Au fur et à mesure des échecs, la solution de l’adoption s’esquisse petit à petit dans leur esprit. «Il est impossible de se battre sur deux tableaux en parallèle. Nous avons donc préféré attendre la fin des PMA pour nous adonner à 100% à ce projet.» Le couple prend donc contact en 2010 avec les services cantonaux neuchâtelois. Et apprend que la loi helvétique exige qu’ils soient mariés s’ils veulent ensemble déposer une demande d’adoption. «Nous nous sommes unis civilement en avril 2011. Un événement que nous avons célébré ensuite par une fête en Thaïlande.»

Une destination qui n’a pas été choisie au hasard… Puisque le couple s’était déjà pris d’affection pour le pays. «C’était une évidence pour nous d’y déposer notre dossier d’adoption», explique Stéphanie. A l’aide d’un intermédiaire agréé par les autorités suisses, le couple est mis en contact alors avec l’orphelinat de Pattaya.

On a commencé par me demander mon âge. J’avais 41 ans, mon mari 45… J’ai pensé que c’était déjà fichu!»

Mais le dossier est bel et bien accepté. Et trois ans et demi plus tard l’orphelinat leur annonce qu’un petit garçon est prêt à être recueilli. «Après une semaine, nous avions effectué toutes les démarches administratives et pouvions déjà rentrer en Suisse. Il nous tardait de commencer notre nouvelle vie à trois à la maison.»

Tim s’est vite adapté à son nouveau foyer. «Nous avons beaucoup de chance, reconnaît la maman. Après cette longue attente, nous profitons pleinement de notre fils. Tout en restant conscients qu’en raison de son parcours, son abandon et ses dix-huit mois passés en orphelinat, nous devons rester attentifs à son développement.»

«Difficile de rester les bras croisés»

Youssef et Raquell Kamri assis sur un canapé, avec un tas de dossiers entre eux.
Youssef et Raquell Kamri ont déposé leur dossier et attendent une réponse.

Il aura fallu presque trois ans pour que tous les voyants passent au vert pour Youssef et Raquell Kamri. Le 20 décembre dernier, le couple du Locle (NE) a pu déposer sa demande d’adoption à la République dominicaine. Et aujourd’hui,
ils attendent... Une période qui, selon les expériences d’autres couples, devrait s’étaler sur environ deux années. «Lorsqu’on était dans les démarches, on avait l’impression chaque jour d’être en pleine action, déjà proches du but, raconte Youssef. Aujourd’hui, c’est difficile de rester les bras croisés.»

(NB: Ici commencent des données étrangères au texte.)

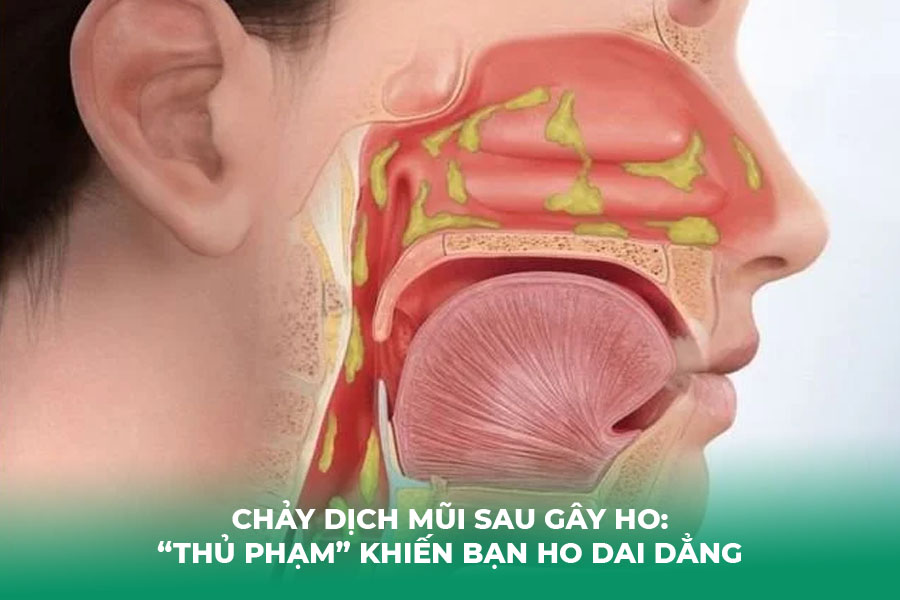 Chảy Dịch Mũi Sau Gây Ho: “Thủ Phạm” Khiến Bạn Ho Dai Dẳng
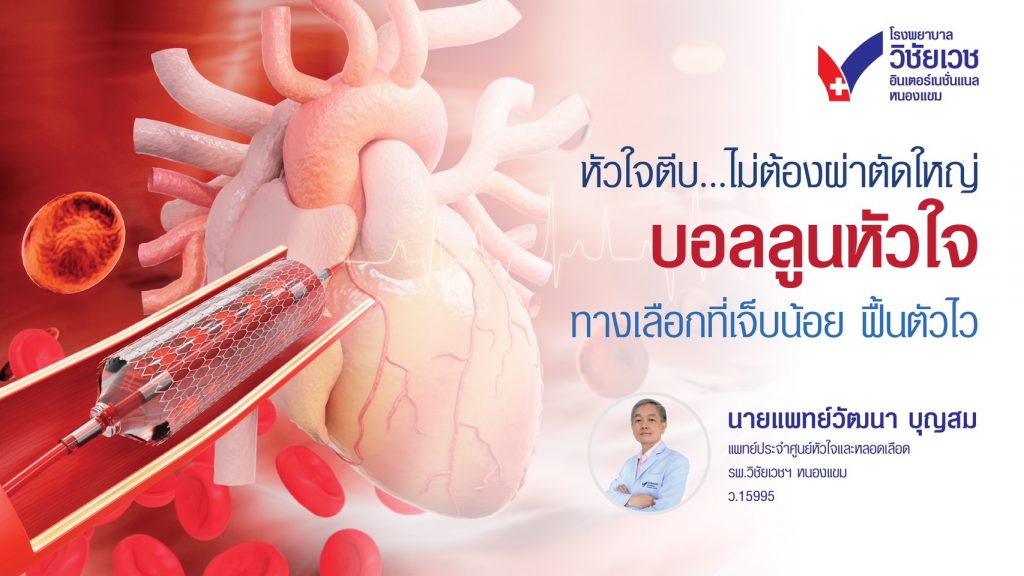 บอลลูนหัวใจคืออะไร?  ทางเลือกการรักษาหลอดเลือดหัวใจแบบไม่ต้องผ่าตัด
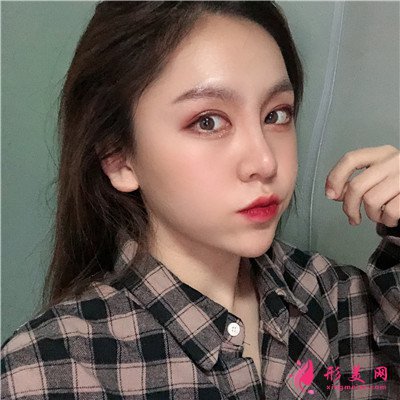 成都小姐姐的鼻綜合手術(shù)術(shù)后效果分享圖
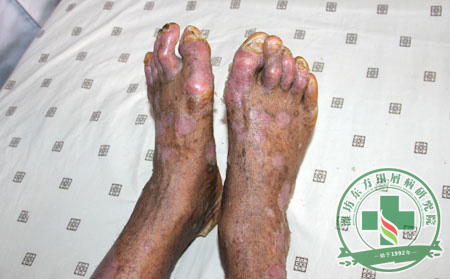 關節型銀屑病的危害起因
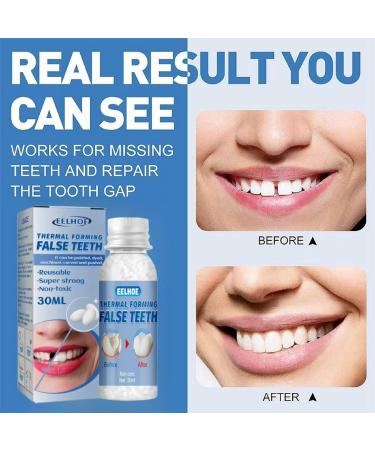 Temporary Tooth Filling Kit for Missing or Broken Tooth Repair | Moldable False Teeth Replacement Solution - Buy Online on GoSupps.com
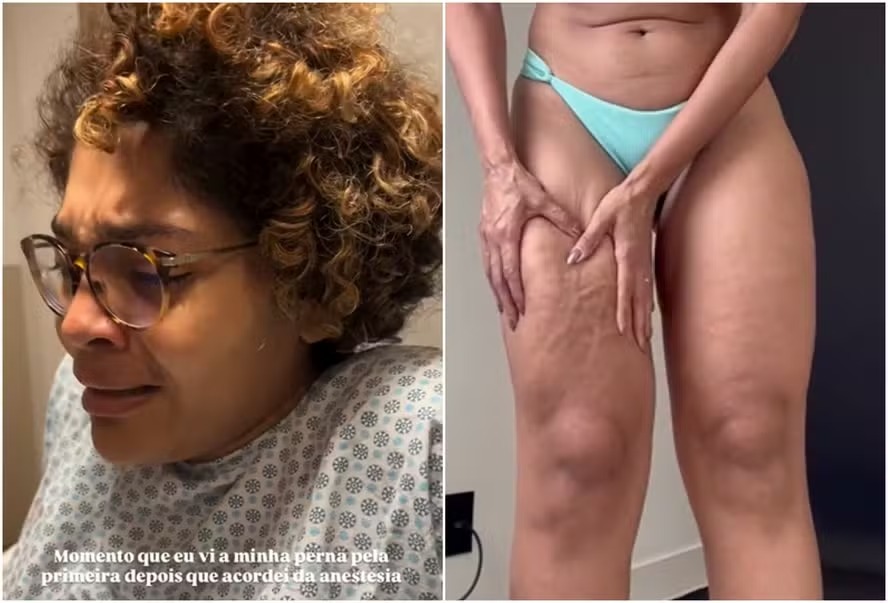 Barbara Reis mostra antes e depois da perna após cirurgia: ‘Só sabia chorar’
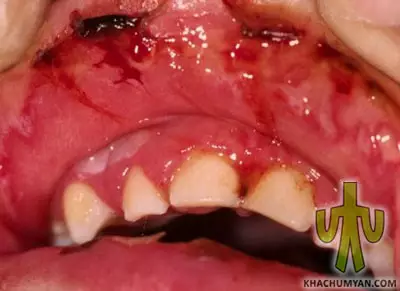 Ulcerative stomatitis (Vincent's stomatitis)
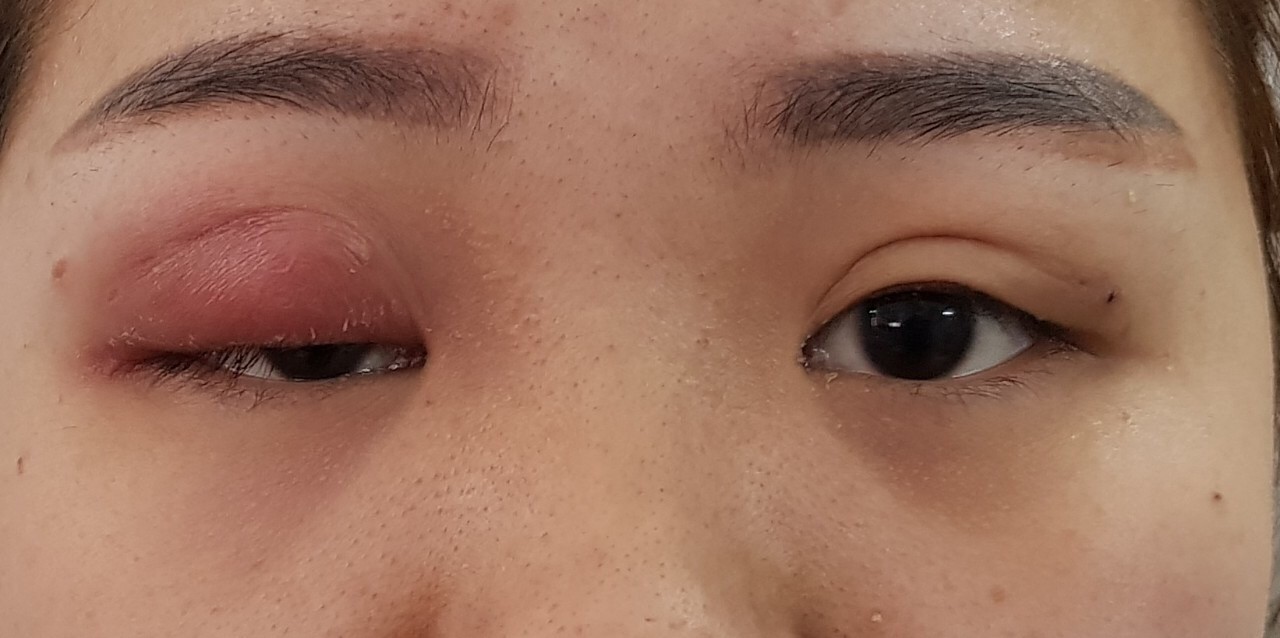 Kim khâu gãy nằm trong mắt lúc nhấn mí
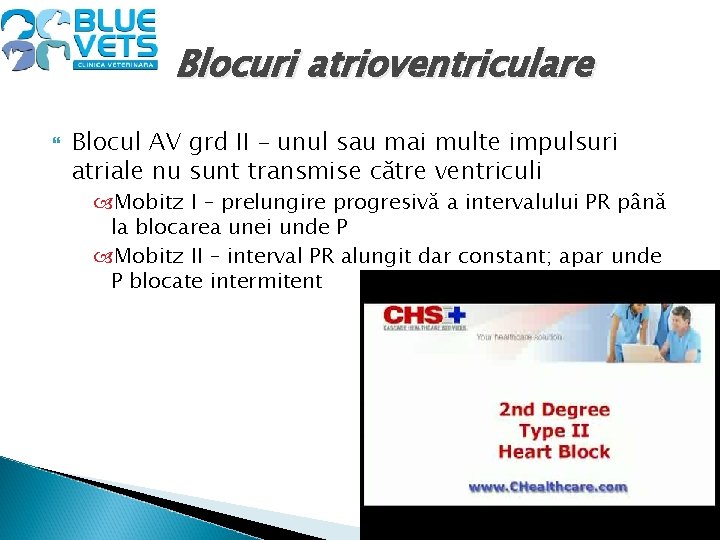 Blocuri atrioventriculare Blocul AV grd II – unul sau mai multe impulsuri atriale nu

Comme dans la quasi-totalité des cas, la voie de l’adoption n’a été entreprise qu’après de longues années de PMA. Un parcours éprouvant, qui donnera lieu à plusieurs fausses couches. «J’ai mis du temps à comprendre à quel point ces démarches étaient douloureuses pour mon épouse. Un père ne se prend d’affection pour son bébé que lorsqu’il peut le porter dans ses bras. Alors qu’avec la maman, ce lien se crée bien plus vite…»

Au cours de cette période, Youssef se sent déjà prêt à se lancer dans un projet d’adoption. Il faudra un peu plus de temps pour que son épouse lui emboîte le pas. Si les Kamri ont opté pour la République dominicaine, c’est parce que le pays traite directement avec les autorités suisses, sans passer par des intermédiaires. Revers de la médaille: les couples adoptifs doivent séjourner quelques mois dans le pays avant de pouvoir rentrer avec leur nouvel enfant.

Heureusement, nous travaillons tous deux dans l’horlogerie, où la convention collective nous accorde dix semaines de vacances. Dans d’autres secteurs, ce congé n’est que de trois jours!»

Pour le reste du temps, il faudra compter sur des congés sans solde. «Ça coûte de devoir lâcher son travail pour vivre ailleurs! Nous profitons de notre période d’attente pour économiser… Mais tous les couples ne peuvent pas se le permettre. L’adoption devrait pourtant rester accessible à toutes les catégories de personnes.»